さて、エレベーター内には、男女が二人ずつ乗っていた。全員が、重苦しい雰囲気を放っている。
男二人の内一人は、三十代で体格が良かった。彼は、角刈りに丸首の長袖に作業ズボンと言った出で立ちで、土木作業員を思わせる。
日焼けと深く刻まれた皺は、容赦なく降り注ぐ紫外線と、過酷な労働による物だろう。
もう一人の男は六十代で、物静かなご隠居風だった。
企業戦士だった頃の名残はワイシャツのみで、無難な色のチョッキとズボンで引退生活をアピールしている。
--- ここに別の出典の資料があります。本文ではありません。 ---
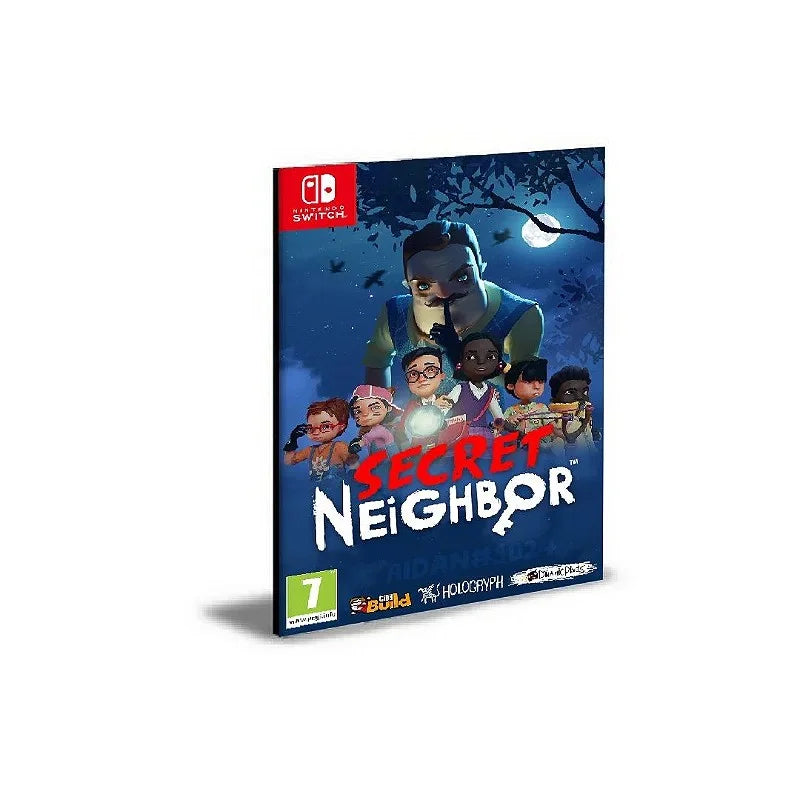 Secret Neighbor Português NINTENDO SWITCH Mídia Digital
女性陣はと言うと、一人は老婆で、年齢を肯定する地味な服を着て、背中も曲がっている。
顔も、梅干しの様に無秩序に皺が寄り、年齢を重ねた味わい深さを出していた。
もう一人の女は、三十代の美女で、真っ赤な唇が映える白い肌をしていた。漆黒の黒髪と同色のワンピースを着ていて、毒蛇をイメージさせる雰囲気があった。彼女は、何故か自信あり気に微笑んでいる。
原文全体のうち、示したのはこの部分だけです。